ベッドの中、半身を起こし、両手で顔を覆う。
また、あの夢を見た。
溜息をつく。
深い、深い息。
一緒に胸の中の澱も出て行ってくれればいいのにと思う。
けれどそれは叶わない。
その澱がどうやって発生するのかもわからないのだ。
発生も正体も不明の澱。そんなものの排出方法など…わかるわけがない。
あの夢を見た後はいつもそうだ。
目が覚めた瞬間に全て忘れる、なのに、胸の中に澱だけが残る…夢。
こんな夜はどうしたらいいかわからない。
一人きりで膝を抱え、溜息だけを大量発生させながら朝を迎える。
こんな遅い時間では同居人も起きてはいないだろう。
リュークはイヌオウの所に預けっぱなしだ。
誰かと話でもできれば気がまぎれるかもしれないのに。
…………………。
レイは不意にベッドから降りた。
厚手の上下に着替え、セーターを重ね、コートを羽織り、さらに手袋とマフラーで固める。
そのまま外へ出て、冷たい風の中を歩き出す。
湖に向かって。
目的地に着くとその場に座り込んだ。
そして空を眺める。
輝く細い月と、満天の星。
農地ばかりのこのあたりは、夜になれば寝静まる。
明かりの消えた大地は星の輝きを邪魔しない。
その中で、細い三日月は控えめに存在を主張している。
月は何よりも輝く星だ。
この大地に一番近い星…。
ふいに涙が溢れた。
なんだろう、月を見ていると悲しくなる。
悲しい?
いや、違うかもしれない。
あまりにも複雑な感情。
色んな思いが重なり、絡まりあっている。
一人きりが辛かった。
誰かにそばにいて欲しい。けれど今、現実にレイは一人きりでしかない。
心が重い。
まるでその重さにひきづられるかのように、レイは崩れるように横たわる。
…さすがに、外は寒いな…。
そう思っても、帰る気にはなれなかった。
ここには水がある。今はせめて、水のそばにいたい。
一人きりは嫌だ…。
そっと目を閉じて、さらに強く水の気配を感じ取ろうとしたとき。
「ここで寝ちゃダメだよ」
唐突に声がかけられた。
聞きなれた声。
「リューク!?」
驚いた。
跳ね起きると、確かにリュークが自分の横にいた。
いつの間に…?
「風邪ひいちゃうよ。

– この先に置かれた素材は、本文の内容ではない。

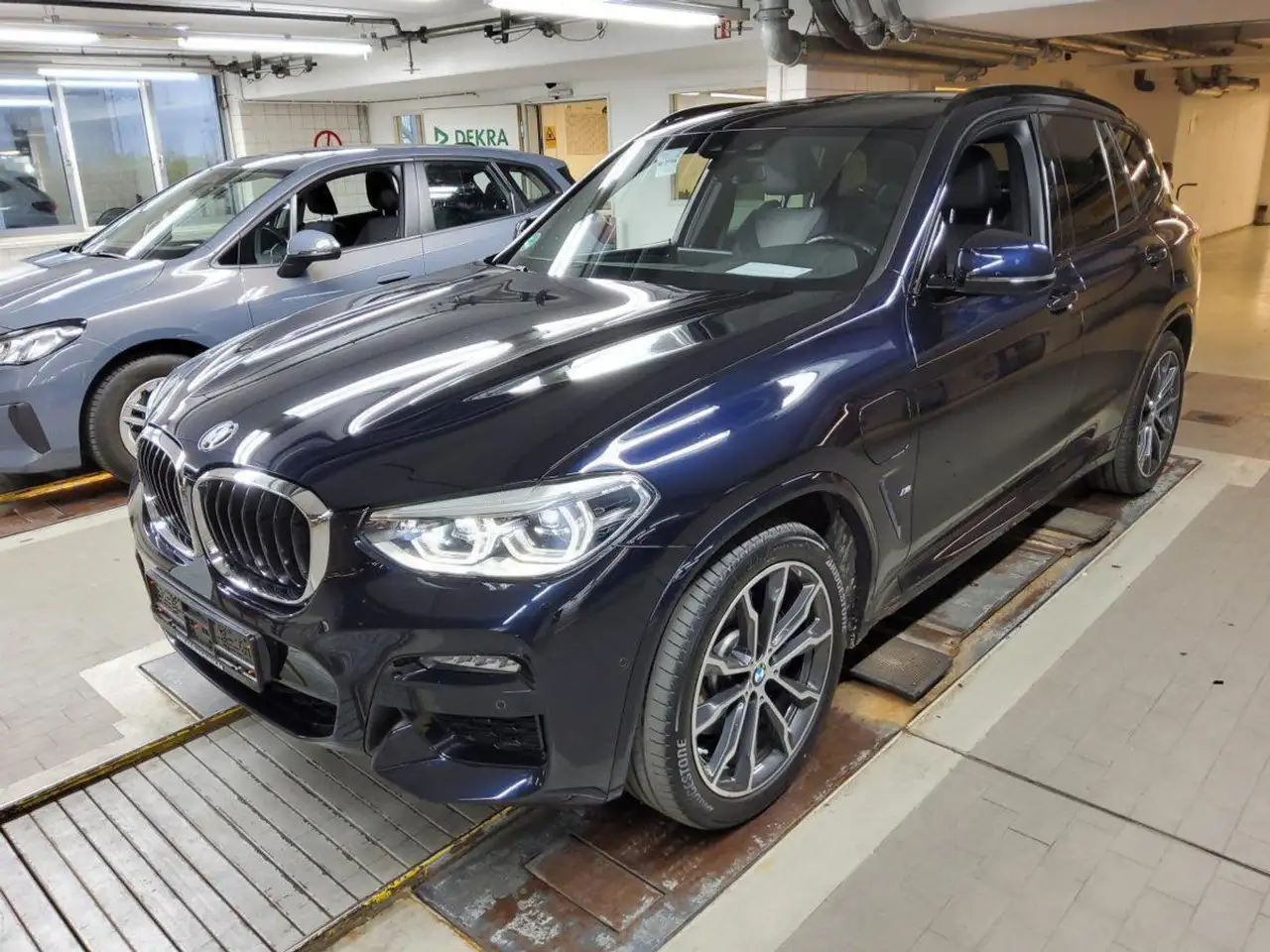 X330e xDRIVE M SPORT/SHADOW/20Z/LED-AD/LIVE/KAM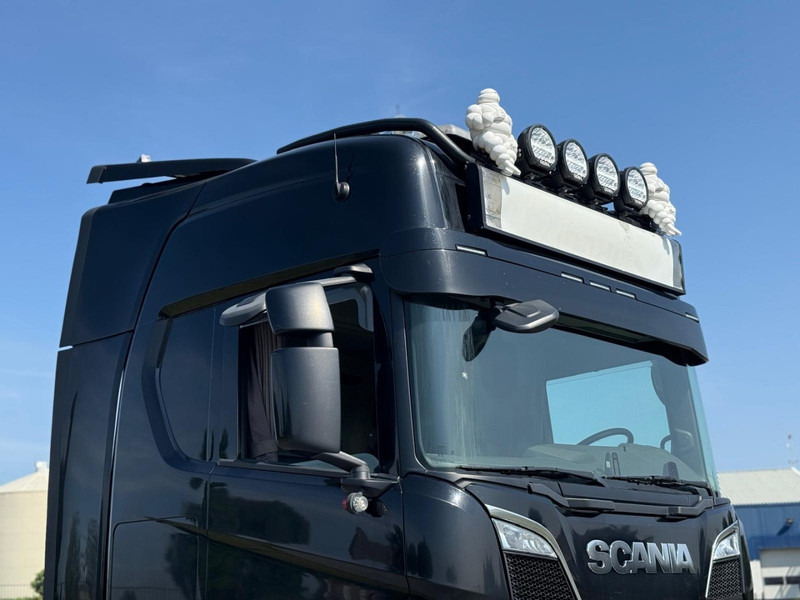 Scania S650 V8 NGS 6X4, 3.15WB, VOLLUCHT, RETARDER, LEER. - Влекач: снимка 2 Scania S650 V8 NGS 6X4, 3.15WB, VOLLUCHT, RETARDER, LEER. - Влекач: снимка 2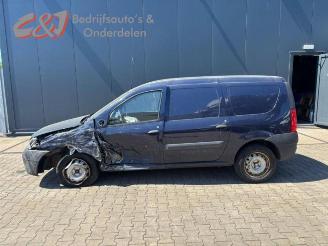 Dacia Logan Logan Express (FS), Van, 2009 1.6 picture 2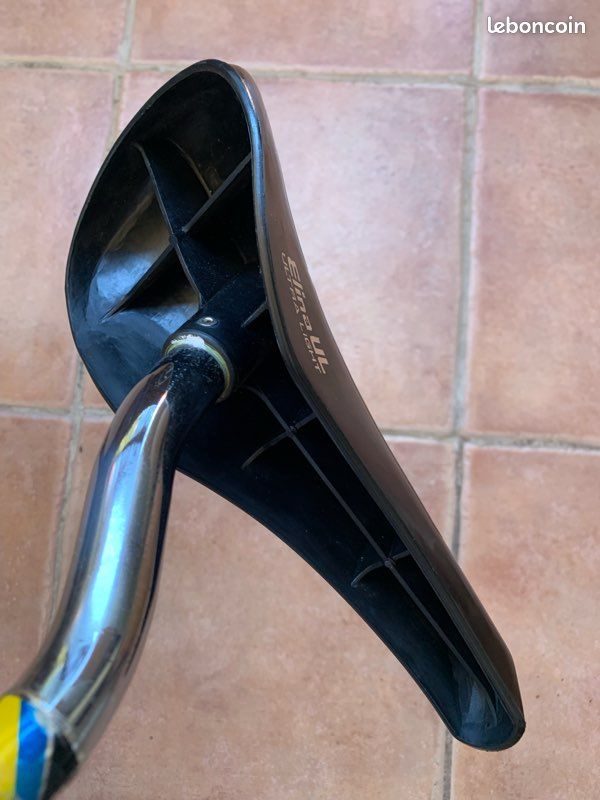 Tige de Selle Bmx ECLAT Pivotal 25.4mm Violet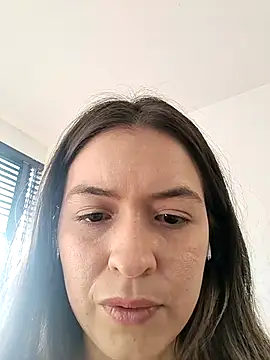 Little  Danni1 online show from November 21, 9:06 pm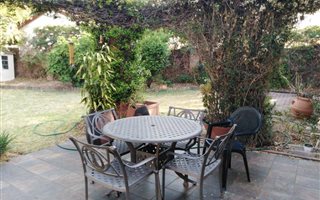 4 Bedroom House in Olivedale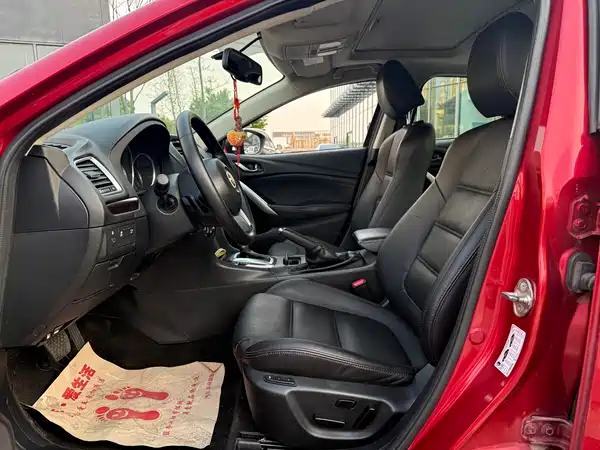 Mazda Atenza 2015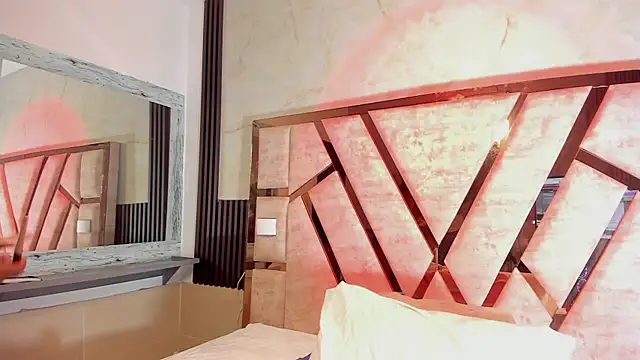 Athenea Mills online show from 11-27-25, 06:43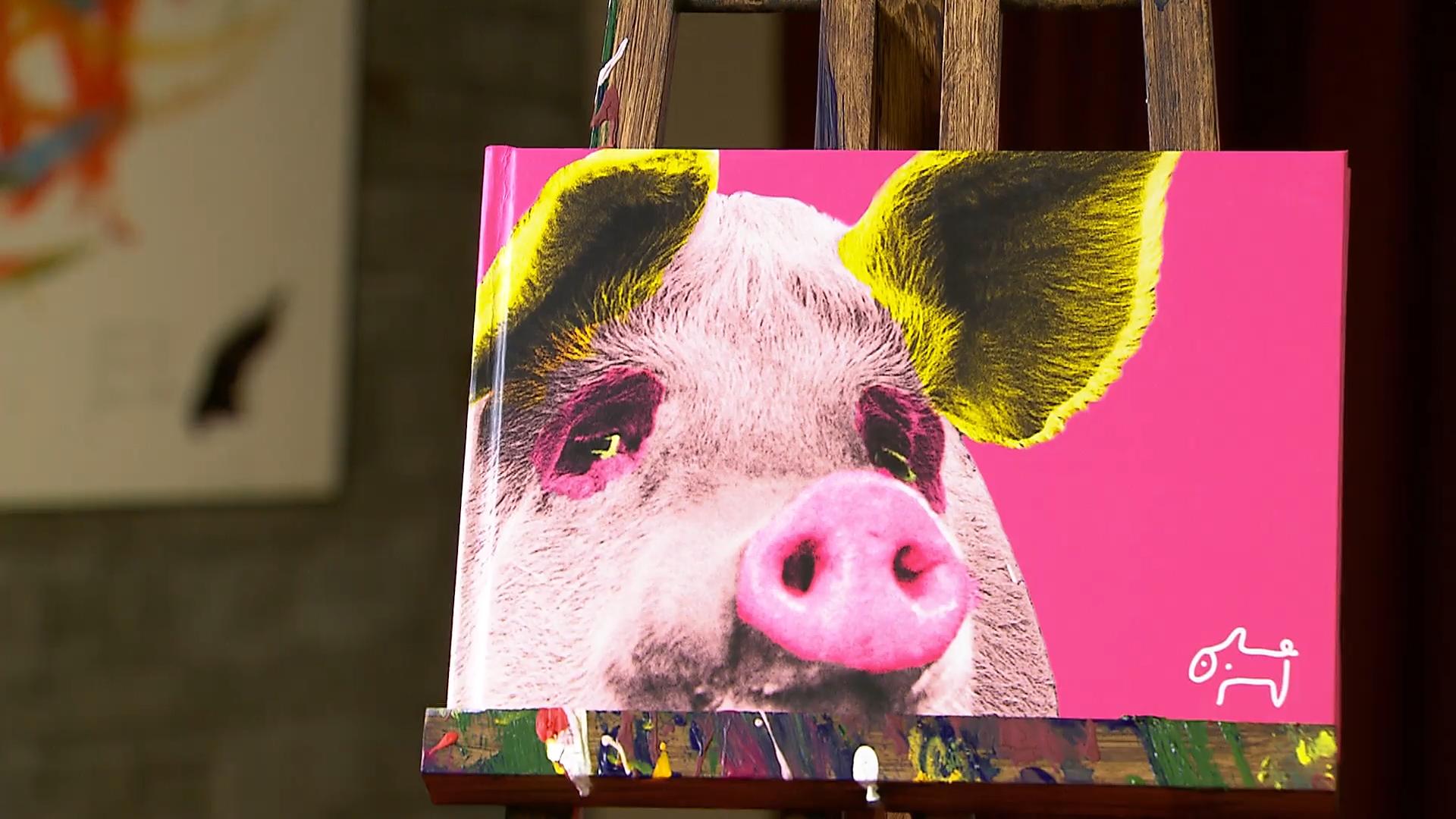 Kunstschwein Pigcasso schwingt den Pinsel Saustarke Kunst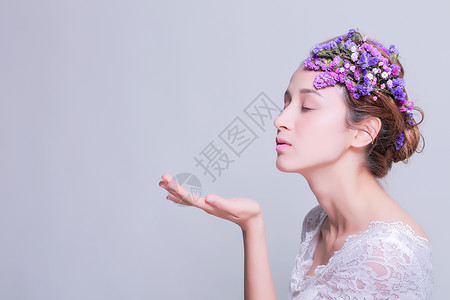 超美紫色清新花艺创意妆面美女侧脸背景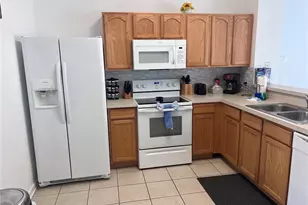 2568 Maneshaw Ln, Kissimmee, FL 34747 - Photo 6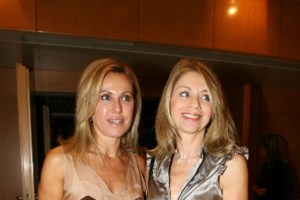 Σταματίνα Τσιμτσιλή: Girls only έξοδος για φαγητό στην Πάρο με τη Μάρα Ζαχαρέα - Το ιδιαίτερο halter neck φόρεμά της - εικόνα 4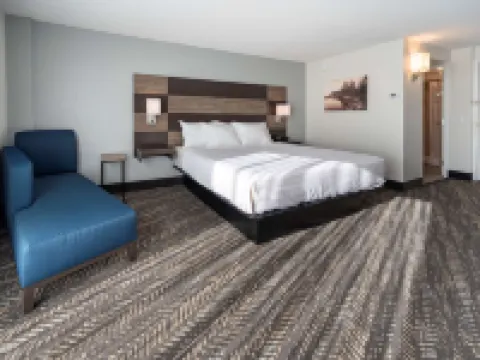 Best Western Plus Wausau Tower Inn Hotels in Wausau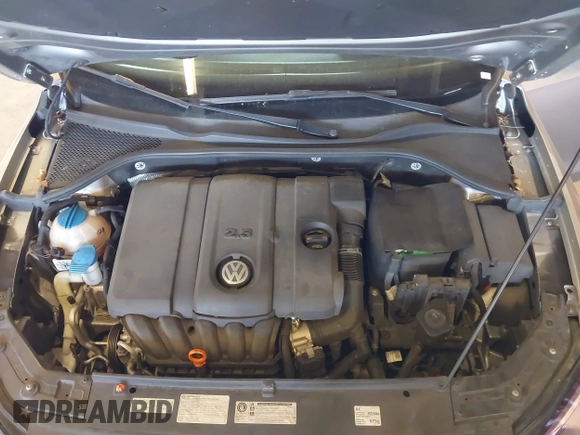 2013 Volkswagen Passat S with VIN 1VWAP7A38DC014523, listed as a IAAI auction lot 42239027 with 116,766 mi miles and . Bid and sale history available at DreamBid. Image 10.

ダメだよ」
「あ…いや、寝はしない…けど…」
そこにいたのは確かにリュークだった。
「どうして…」
ここにいるのか。
肝心な部分の抜けた言葉は、けれどちゃんと相手に伝わったらしい。
「胸騒ぎがしたからね。ちょっと呼ばれた気もしたし…探しに来た」
言われたときの感情は、言葉にできなかった。
レイにできたことは、ただリュークを抱きしめることだった。
「レイ。…レイ。ね、聞いて? レイが寂しいときには私を呼んで。どんなに離れていても来るから。声が届けば来れるから」
「……声が届く?」
「そう。心で呼んでくれればいいの。そうしたら私に届くから」
「心で…」
思うだけで、呼べるというのだろうか。
来て欲しいと望むだけで。
「呼べるから。レイならできるから…」
そういってリュークは、抱きしめる私に顔を摺り寄せてきた。
身動きの取れない彼女にできる、精一杯の愛情表現。
「だから今は帰ろう。…今夜はちょっと冷えすぎるよ」
確かに寒い。
天気がいい分、周囲の熱は空に逃げてしまっている。
「…うん、帰ろうか」
傍に居てくれる。
それがレイに安心をもたらした。
もうここにいる必要はない。
わからないことは沢山あったけど、今は何も考えたくない。
レイは立ち上がり、リュークと共に岐路に着いた。
レイの横を歩きながら、そっとリュークはレイを見上げる。
そろそろレイは知ったほうがいいのかもしれない。
自分だけではなく…もっと様々なものを呼べるということを。
それがレイの、核となった女性から受け継いだ能力だということを。
……自分の正体はまだ、言えないけれど…。
少しの後ろめたさと共に考える。
まだ言えない。
それは『彼』との約束。
『彼』の許可がなければ、このままケルロンのふりをし続けなければならない。
後ろめたいが、仕方がない。真の主はレイではなく、『彼』なのだ…。
けれど、それでも。
寂しいときには呼んで欲しいと、願う心はたしかにリュークのものだった。
君が寂しいときには、私を呼んで。
声が届けば駆けつける。
呼ばれた次の瞬間には、私は君の横にいるから…。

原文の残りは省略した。